The pg_atomic_init_u64 variable was not initialized before, this leads to a failure.
This is a complex patch from multiple authors, which allows adding optional compression in SP-GiST leaf tuples. Originally this functionality was left out intentionally, but looks like PostGIS can make good use of this.
When constants from a flattened subquery are used in a grouping set, the planner might merge these constants into outer expressions. The grouping set will then fail.
While not the actual author of this patch, the underlying framework was provided by us. This feature allows to use the parallel execution features in PostgreSQL to build or rebuild a btree index.
One can say that even Greenplum Database is no longer based on PostgreSQL 8.2, and therefore code which deals with the pre-8.2 module handling can be removed. In reality, PostgreSQL 8.2 is long EOL, and therefore such #ifdef’s can be removed. Found while merging a newer PostgreSQL version into Greenplum Database.
While the funcionality of server-side CRL and CA files was removed before, the documentation was not updated properly. This patch fixes that.
While earlier implementations used random directory names, and removed the test output files after the test, this patch moves to use static names and preserves the output of failing tests. This makes it easier to debug a failing TAP test.
A connection string can include spaces in items, not only between items. Therefore the items, or values, must be quoted properly. It is not enough to just quote the entire string.
Across the lexer code, sometimes a simple strcmp was used to match keywords, sometimes the more sophisticated pg_strcasecmp. The latter adds additional overhead, because the identifiers are already made lowercase. This patch changes the code base to always use strcmp to match identifiers in the lexer.
Previously the isolationtester had a limit of 1024 bytes for each SQL query. That seems a bit low these days, and people already ran into this limit. This patch removes this limit and makes the buffer resizable.
The documentation does not mention WaitForBackgroundWorkerShutdown(), this patch fixes that oversight, and also updates the documentation for WaitForBackgroundWorkerStartup().
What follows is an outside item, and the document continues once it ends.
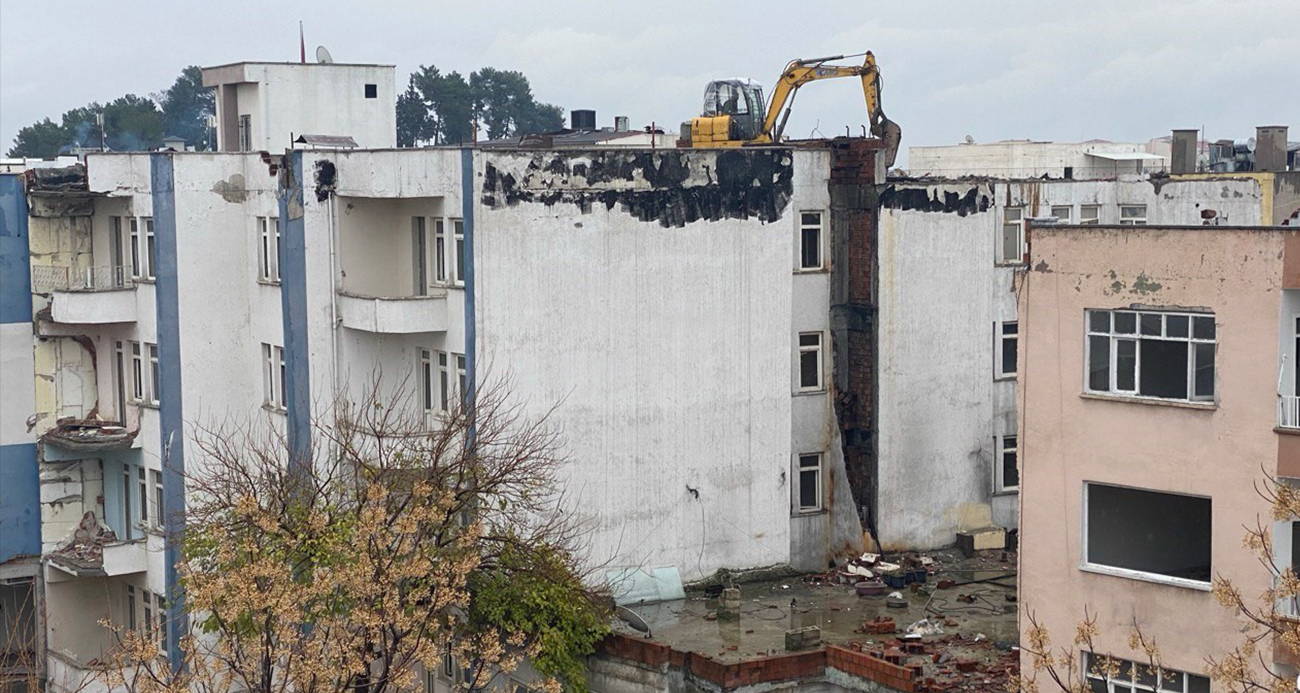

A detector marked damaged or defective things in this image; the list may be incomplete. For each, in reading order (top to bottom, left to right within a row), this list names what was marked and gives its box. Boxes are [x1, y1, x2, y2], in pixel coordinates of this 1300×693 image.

broken balcony [32, 264, 137, 324]
broken balcony [336, 196, 454, 334]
For consistency checking of WAL pages, previously only the LSN was masked when the consistency check is performed. This fix adds the page checksum to the exclude list as well, because a changed LSN will change the consistency check even though the data in the page itself is not changed.
When a standby is renamed, there is a race condition that commands can be send async to the old name. This patch fixes that problem.
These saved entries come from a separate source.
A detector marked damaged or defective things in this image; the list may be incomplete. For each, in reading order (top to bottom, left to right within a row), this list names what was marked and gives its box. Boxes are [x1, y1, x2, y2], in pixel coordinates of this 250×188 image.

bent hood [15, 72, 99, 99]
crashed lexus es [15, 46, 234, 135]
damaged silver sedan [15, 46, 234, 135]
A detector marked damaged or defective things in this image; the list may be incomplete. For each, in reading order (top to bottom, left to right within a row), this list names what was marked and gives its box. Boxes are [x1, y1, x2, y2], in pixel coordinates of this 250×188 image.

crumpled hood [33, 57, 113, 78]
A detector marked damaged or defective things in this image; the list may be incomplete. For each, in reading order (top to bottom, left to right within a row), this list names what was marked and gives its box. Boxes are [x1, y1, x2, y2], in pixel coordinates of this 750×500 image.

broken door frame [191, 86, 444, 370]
The PageGetLSN() is only supposed to be used when a process holds an exclusive lock on the buffer. If a process only holds a shared lock on the buffer, the BufferGetLSNAtomic() must be used instead.
A newly introduced assertion uncovered some places which do not follow this rule. This patch fixes all but one of the problems, and the remaining code place is verified as a non-issue.
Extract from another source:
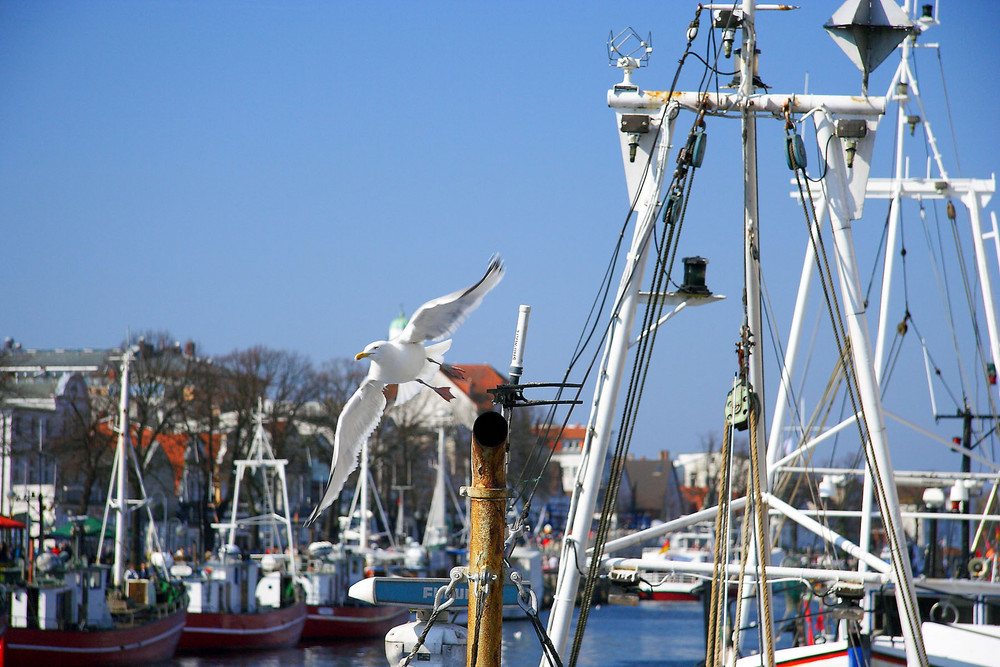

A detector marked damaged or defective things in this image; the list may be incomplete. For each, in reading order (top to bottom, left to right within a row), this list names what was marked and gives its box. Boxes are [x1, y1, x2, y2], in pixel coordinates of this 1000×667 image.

rusty metal pole [466, 412, 508, 667]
Although we have a number of people on all kind of PostgreSQL related projects, the following people contributed to the development of PostgreSQL 11:
We have some ideas for upcoming PostgreSQL versions.
Greenplum Database has table partitioning for a long time, that is a feature which was only recently added to PostgreSQL. We want to share some of the experiences we made around this feature, and enhance the functionality in PostgreSQL.
Another existing limitation which we would like to loosen is the length of text type. Currently that type can hold roughly 1 GB, but for some use cases that is not enough.